[DIRECTIONS]: Copy everything in the records, character for character, except images.

[RECORD EXCERPTS]:
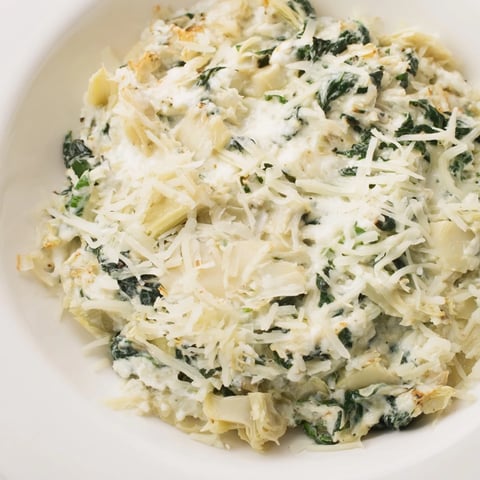 Warm, bubbly spinach artichoke dip, served with crispy tortilla chips for dipping and enjoyment.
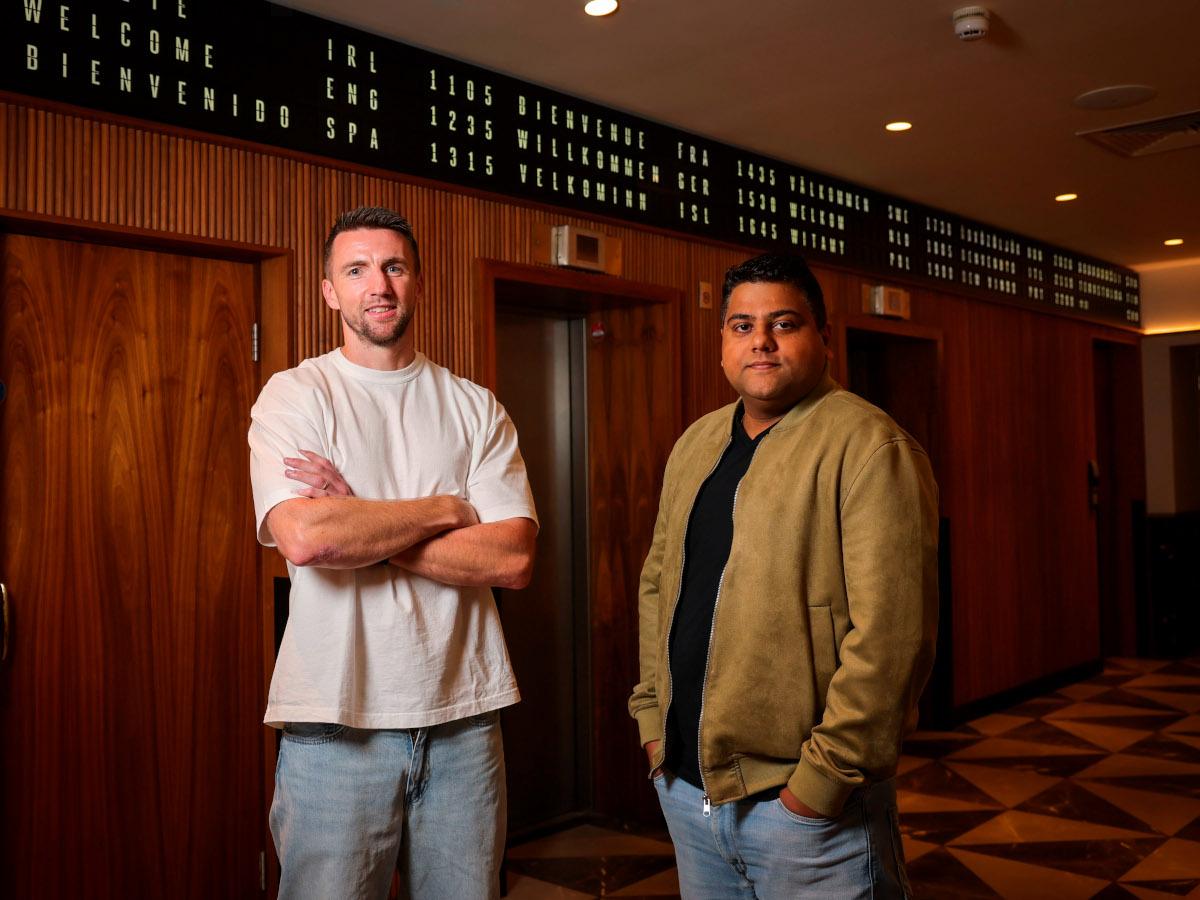 Two men, one wearing a white t-shirt with his arms folded and the other wearing a khaki jacket with his hands in his pockets, stand smiling in front of wood-panelled walls.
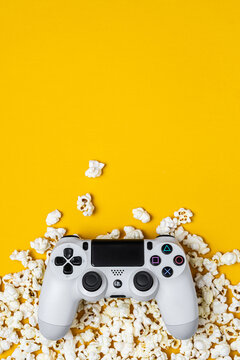 August 31, 2026, Odessa, Ukraine. White Sony PS4 DualShock controller with popcorn on bright yellow back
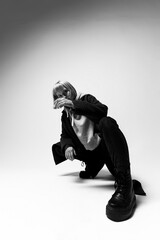 A stylish individual squats in a sleek studio, wearing bold black boots and an oversized outfit while holding a glass. Their expression conveys a blend of sophistication and ease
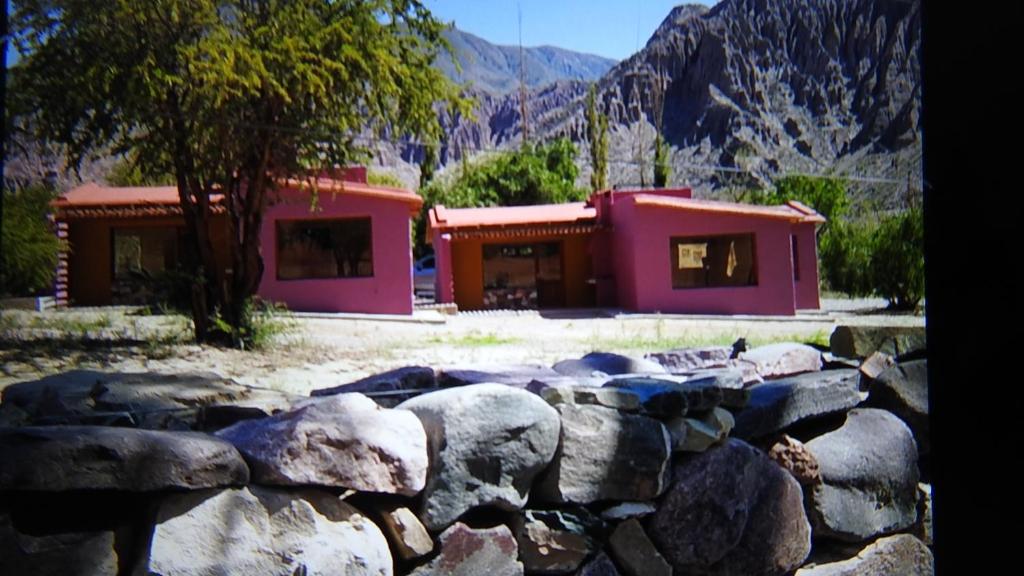 un pequeño edificio con una pared de roca delante de él en Pirca del Abuelo II en Purmamarca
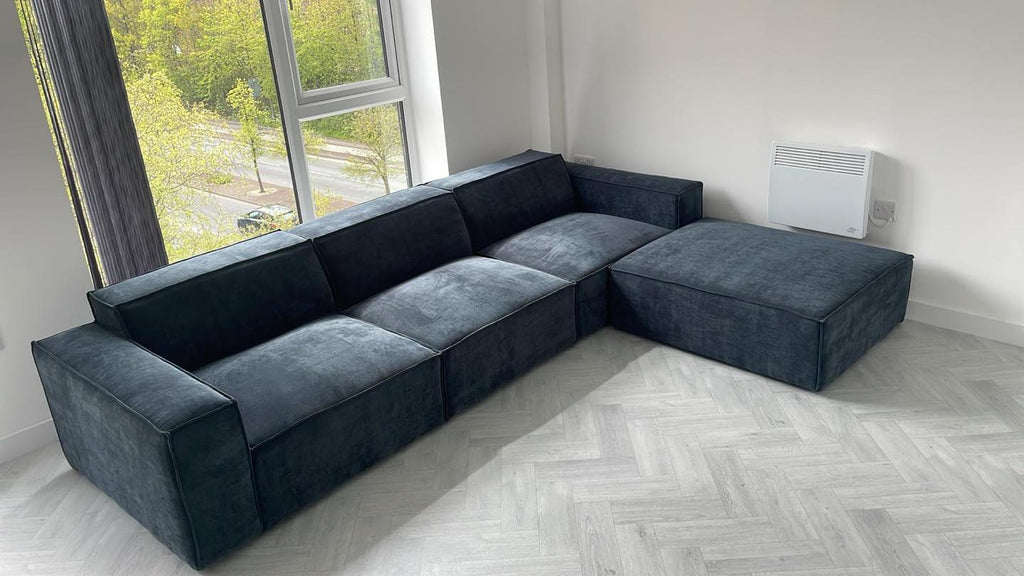 Modern dark blue L-shaped sofa with large removable footstool in a bright living room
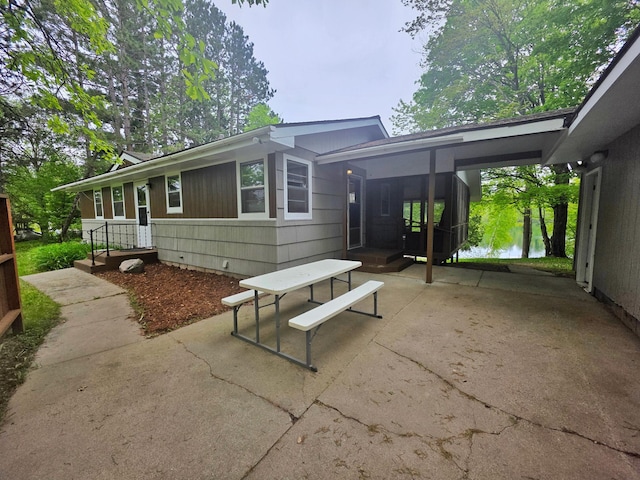 1331 9th St, Grand Rapids, MN 55744 - back of house featuring a patio
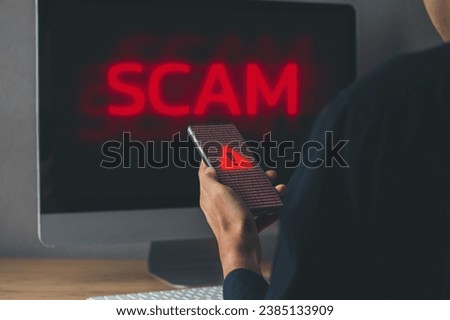 Businessman got scam alert both mobile phone and PC monitor. emergency system hacked  scam alert and cyber security concept.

[PROBLEM SOLUTION]:
 Warm, bubbly spinach artichoke dip, served with crispy tortilla chips for dipping and enjoyment.
 Two men, one wearing a white t-shirt with his arms folded and the other wearing a khaki jacket with his hands in his pockets, stand smiling in front of wood-panelled walls.
 August 31, 2026, Odessa, Ukraine. White Sony PS4 DualShock controller with popcorn on bright yellow back
 A stylish individual squats in a sleek studio, wearing bold black boots and an oversized outfit while holding a glass. Their expression conveys a blend of sophistication and ease
 un pequeño edificio con una pared de roca delante de él en Pirca del Abuelo II en Purmamarca
 Modern dark blue L-shaped sofa with large removable footstool in a bright living room
 1331 9th St, Grand Rapids, MN 55744 - back of house featuring a patio
 Businessman got scam alert both mobile phone and PC monitor. emergency system hacked  scam alert and cyber security concept.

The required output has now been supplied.